Thank you very much for this comment, we followed the suggestion in the revised version of the manuscript, and added the data to the text (lines 246-248). This addition now clarifies the GD2 specificity of the observed responses in patients 01 and 04. The possible explanations for the discrepancies are detailed in a critical discussion.

2) To partially solve the problem of the discrepancy found in the ELISA, the authors could perform a competition assay by running the assay as described in Figure 1A and adding increasing doses of GD2 to test its ability to interfere with the binding between serum antibodies and ganglidiomab.

This is a very interesting idea, thank you very much for the suggestion. As detailed in the discussion, we are aiming at improving the bioassays used to determined the immune response observed in vaccinated patients.
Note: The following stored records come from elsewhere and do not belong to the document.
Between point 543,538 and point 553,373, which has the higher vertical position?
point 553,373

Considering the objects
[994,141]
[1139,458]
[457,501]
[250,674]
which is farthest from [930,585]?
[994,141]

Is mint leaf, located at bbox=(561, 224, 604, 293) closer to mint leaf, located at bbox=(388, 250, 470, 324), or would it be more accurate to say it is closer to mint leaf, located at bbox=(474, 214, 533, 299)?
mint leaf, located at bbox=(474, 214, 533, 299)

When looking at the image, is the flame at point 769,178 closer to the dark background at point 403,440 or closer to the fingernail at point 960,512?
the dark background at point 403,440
We added a sentence in the discussion to reflect the use of excess antigen to also look at the inhibition of the response against the vaccine (line 324-325).

3) Should the authors have access to the cellular component of the blood samples of the patients included in the study, it would be interesting to see if they have a subset of memory B-cells capable of being reactivated and differentiating into plasma cells upon stimulation with the disialoganglioside GD2.
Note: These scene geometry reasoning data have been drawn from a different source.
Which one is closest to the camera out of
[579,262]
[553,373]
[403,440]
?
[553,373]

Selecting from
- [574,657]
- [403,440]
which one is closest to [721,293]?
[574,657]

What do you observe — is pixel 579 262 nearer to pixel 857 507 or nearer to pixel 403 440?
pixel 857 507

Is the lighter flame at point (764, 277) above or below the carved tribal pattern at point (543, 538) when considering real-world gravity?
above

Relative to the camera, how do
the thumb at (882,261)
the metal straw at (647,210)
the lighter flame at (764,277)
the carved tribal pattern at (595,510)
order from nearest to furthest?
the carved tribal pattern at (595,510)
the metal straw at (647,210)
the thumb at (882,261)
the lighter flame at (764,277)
This is a helpful suggestion for future research. It can not be realized easily as no cellular material was stored from the patients, but will be considered for upcoming activities.

Minor problems

The materials and methods section is not sufficiently detailed. The authors should more clearly state the methods and reagents used to obtain the results described, including the procedures for collecting and processing blood samples.

We have previously reported on the assay development used for the immune monitoring of the vaccinated patients in detail, and all the manuscripts were referenced:

  1. Siebert, N., et al., Validated detection of human anti-chimeric immune responses in serum of neuroblastoma patients treated with ch14.18/CHO. J Immunol Methods, 2014. 407: p. 108-15.
  2. Eger, C., et al., Generation and Characterization of a Human/Mouse Chimeric GD2-Mimicking Anti-Idiotype Antibody Ganglidiximab for Active Immunotherapy against Neuroblastoma. PLoS One, 2016. 11(3): p. e0150479.
  3. Siebert, N., et al., Validated detection of human anti-chimeric immune responses in serum of neuroblastoma patients treated with ch14.18/CHO. J. Immunol. Methods, 2014. 407: p. 108-115.
  4. Siebert, N., et al., Functional bioassays for immune monitoring of high-risk neuroblastoma patients treated with ch14.18/CHO anti-GD2 antibody. PLoS One, 2014. 9(9): p. e107692.

They also contain detailed information about blood sampling, processing and storage.